Can't speak for the SR71 though, there are a couble reports here that it can achieve 80-100mbps (half duplex) with dual-polarity dishs - and I would have tried it allready but it is not supported by Mikrotik yet.

wirelessrudy
03-24-2009, 04:58 PM
My second question is what do you think the latency will be after 100 miles of backhauling?



Radiowaves travel with the speed of light. So the lenght of a radio link doesn't have noticeable latency differences on the pure radio waves if we talk distances we can achieve within the present freq. bands and power limits.

Latency in netwoks is more a result of a mix of lots of factors.
Data processing in the router, the amount of data to process, the quality of used radio's, the quality of a radio link (data losses!), interferences/noise (data losses), QoS etc.
Basically a 100 mile link can have the same low latency as a 10 meter link.
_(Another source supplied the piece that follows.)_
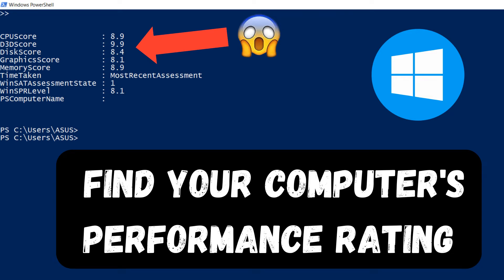In this video, we'll guide you through the simple steps to check your PC's performance score and determine if it's running at its best.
Provided you would have the means and no power limits you could set up a 5Ghz link to the moon and have an ´almost´ real time Skype conversation with camera with your technician over there! Maybe a better quality call then I sometimes come across here on mother earth!

R.

MRojas
05-06-2009, 07:31 AM
Probably about 20-30ms tops. Of course, it all really depends on your hardware. For example, with certain Canopy backhauls you can't get less than 20ms... no matter how clean or short the link is.

Your average latency will vary, though, because noise comes and goes. Plus, your routers at every hop will add a bit more.

Of course, if you could spend a gazillion dollars, there are systems that could probably cut that in half if not more.